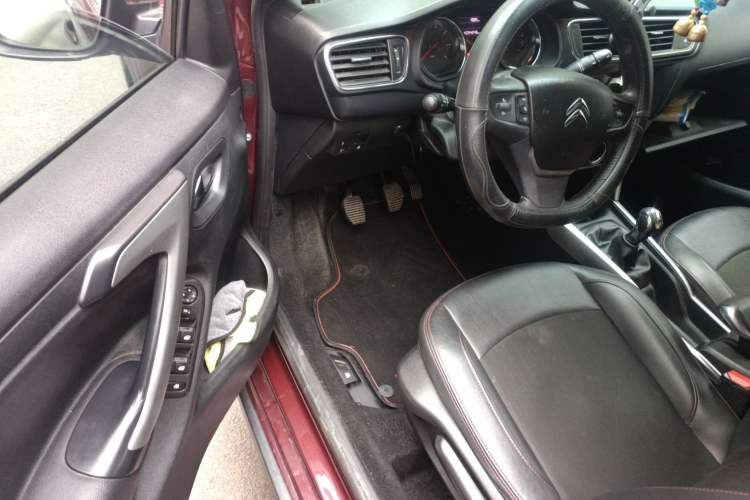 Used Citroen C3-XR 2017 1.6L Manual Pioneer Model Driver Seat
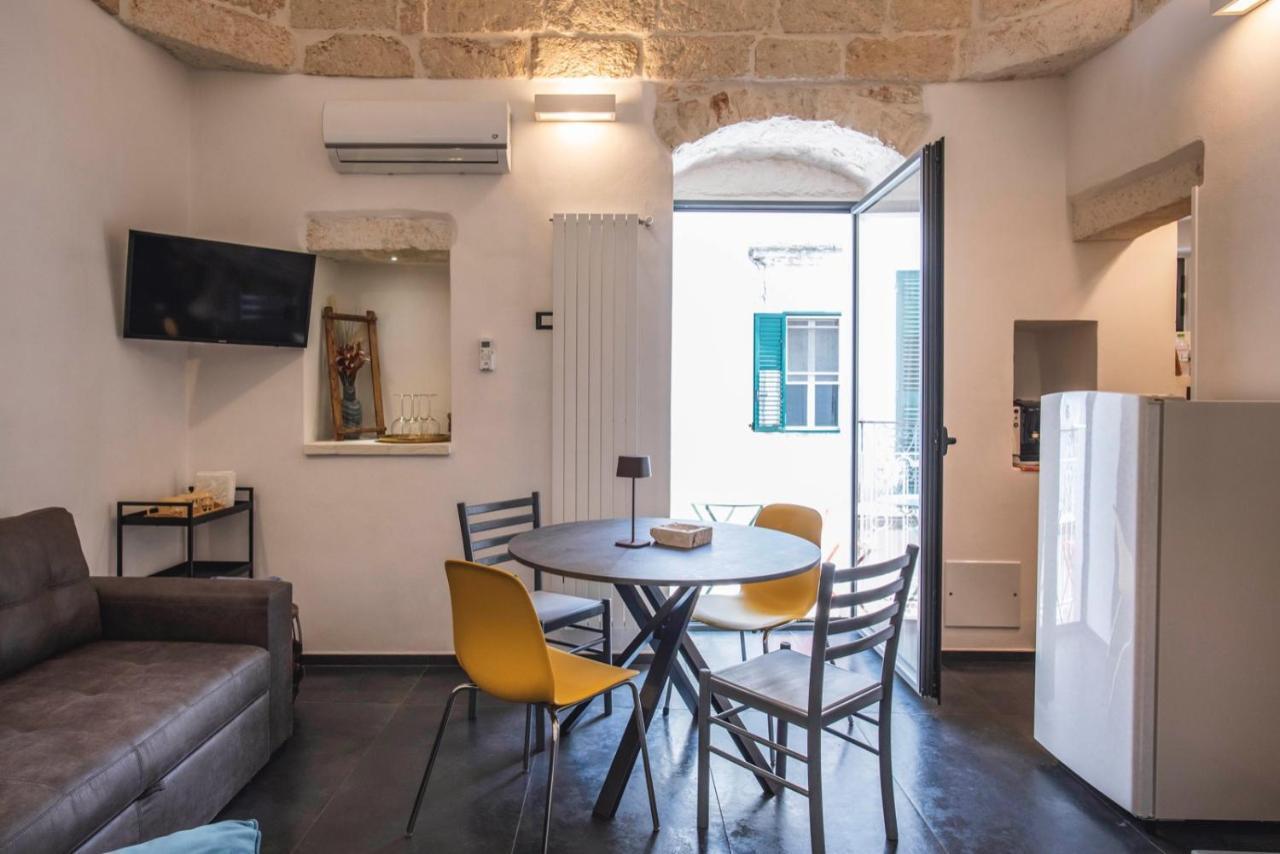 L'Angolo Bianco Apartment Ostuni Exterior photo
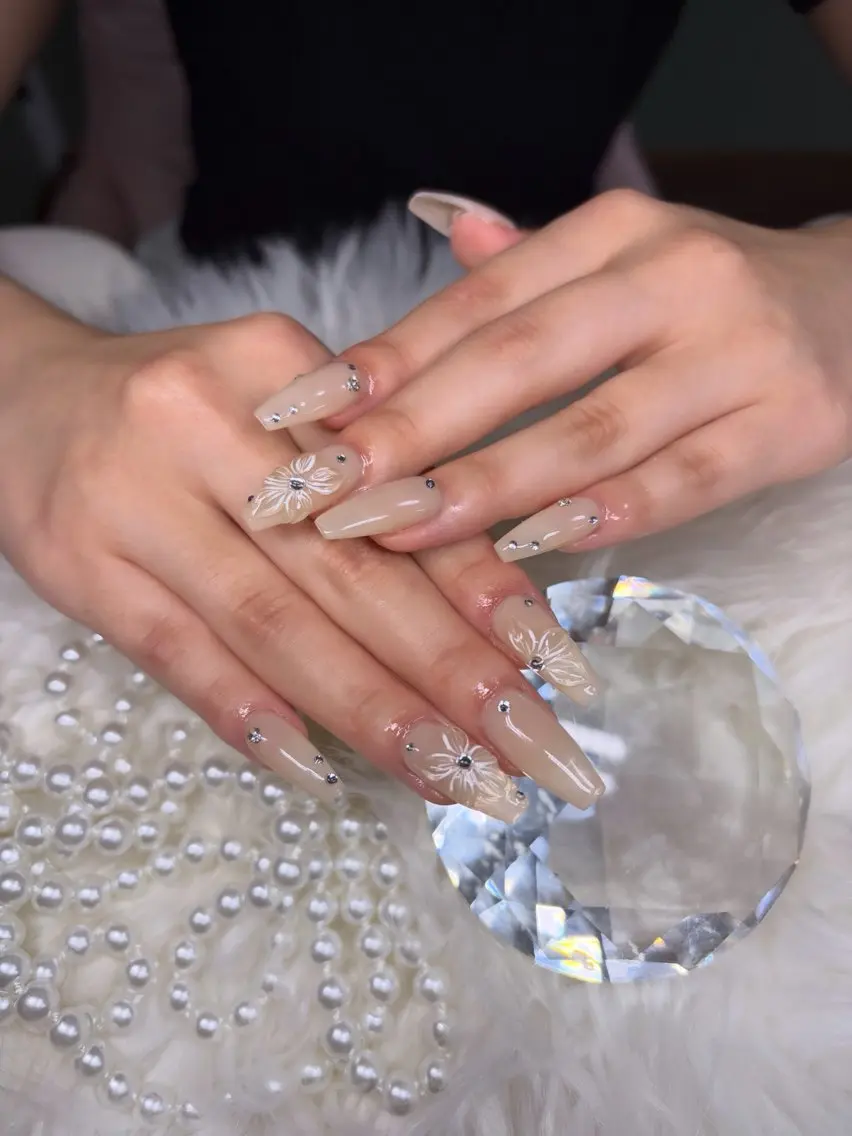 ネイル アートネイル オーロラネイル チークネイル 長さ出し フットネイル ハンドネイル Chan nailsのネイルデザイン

• _What the task requires_
Set the entire listing down again, exact in every line, without any pictures.

• _Written answer_
 Used Citroen C3-XR 2017 1.6L Manual Pioneer Model Driver Seat
 L'Angolo Bianco Apartment Ostuni Exterior photo
 ネイル アートネイル オーロラネイル チークネイル 長さ出し フットネイル ハンドネイル Chan nailsのネイルデザイン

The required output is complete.